A sad tale's best for winter....
These are the last words spoken Soon I’ll be out of sight A simple farewell message Good night, my love, good night |
I am sure there are those who know about these things, but I still find it fascinating that Black-headed gulls simply do not have black heads in winter......
Also, it may be perverse of me. But the fact that Common gulls are not that common perks me up, just a little......
However..... Here we are. Life is not necessarily what we expected, or wished for, and winter conditions exacerbate that dull numbing feeling that swimming from the Titanic tends to excite....

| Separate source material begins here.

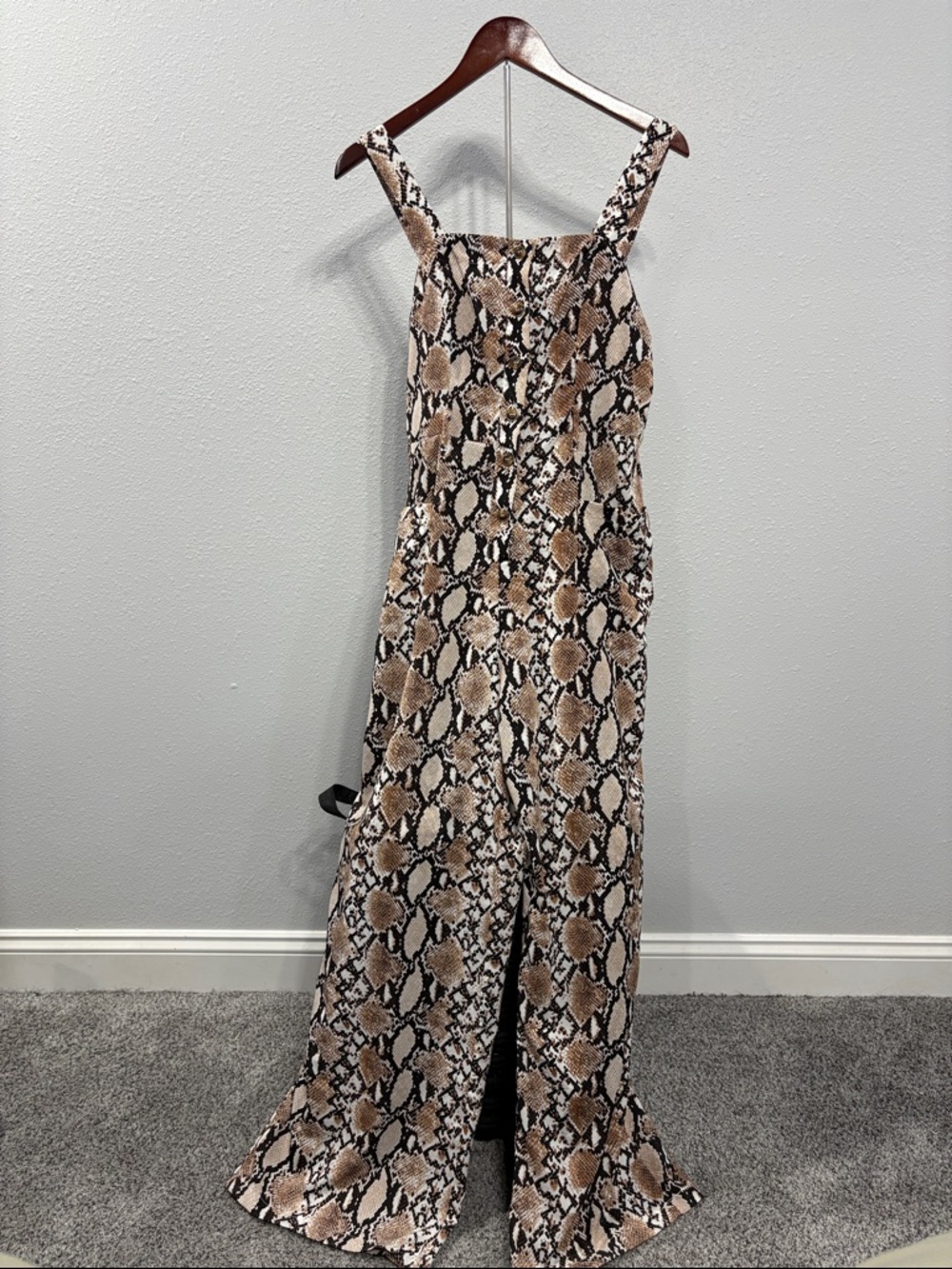 Haute Monde Brown and Black Snake-Print Jumpsuit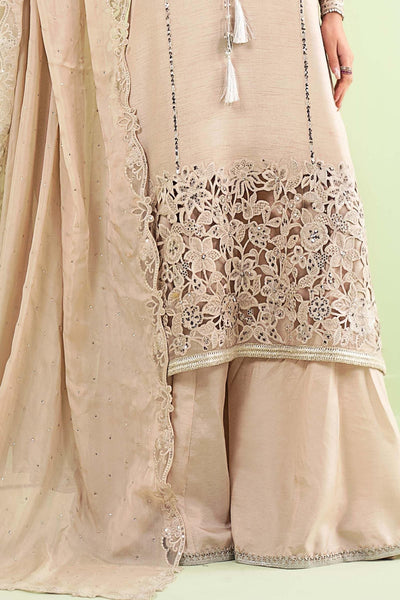 Maria B | RTW | 3 Piece Embroidered Raw Silk Suit-Brand:Maria B-Type:Luxury Formals-Pink - House of Maryam- Buy in UK, USA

There are clouds on the horizon. They may not eventually blow our way, but they instil in us a sense of boding that exceeds the usual fore.....
Dark clouds are drifting Across the bright blue sky Soft breezes gently sigh In the dark forest |
But then the sky can suddenly be filled with the blare and honk of passing V signs, v signs to cold, to coronas, to contrariness. We should go with the flock.....
Lynn (does it need the King's?) is cold and empty - of life, or trade, of laughter, as is to be expected in these ghastly days.
In 'my' village (how presumptuous can you get after three weeks?) no one knows what to do with themselves.... It could be worse. It may well be colder, or wetter, or darker, or more infected, tomorrow, but we will worry about that..... tomorrow.
Not far away Castle Rising stands clear of the snowy carpet. It's a hulking lump of masonry with some of the most splendid earthworks for sledging anywhere in these troubled isles.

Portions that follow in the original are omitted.